PROBLEM STATEMENT:
It would help if you retyped the data exactly, leaving out the pictures.

DATASET CONTENT:
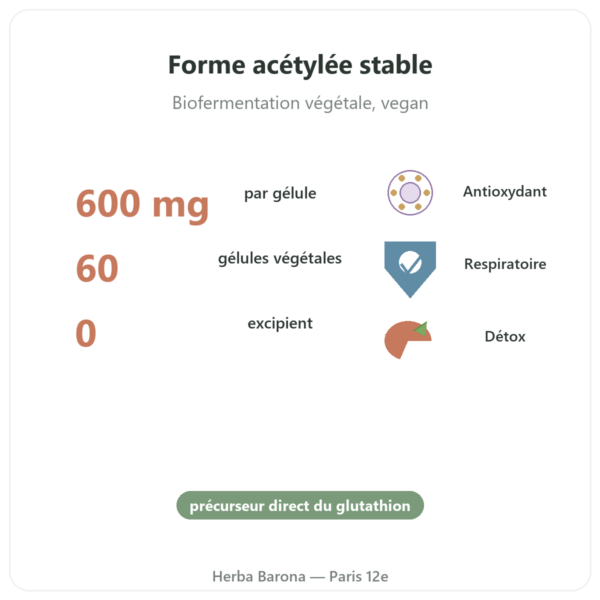 N-Acétyl-Cystéine NAC – Dynveo – 600mg – 60 gélules bienfaits et chiffres Paris Herba Barona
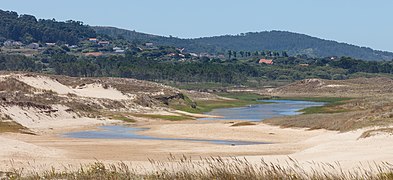 Lagoa de San Pedro de Muro. Xuño. Porto do Son. Galiza -F9.jpg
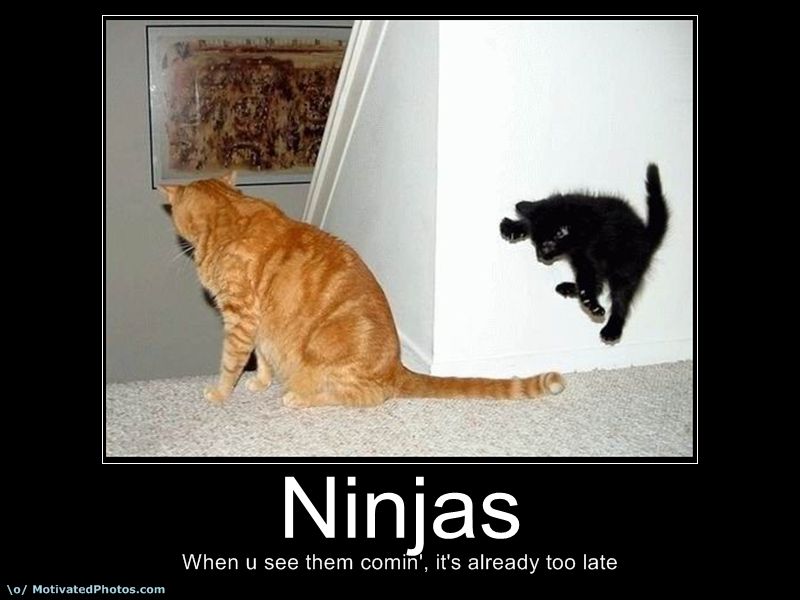 Motivational Posters Funny Ninjas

ANSWER TO THIS TASK:
 N-Acétyl-Cystéine NAC – Dynveo – 600mg – 60 gélules bienfaits et chiffres Paris Herba Barona
 Lagoa de San Pedro de Muro. Xuño. Porto do Son. Galiza -F9.jpg
 Motivational Posters Funny Ninjas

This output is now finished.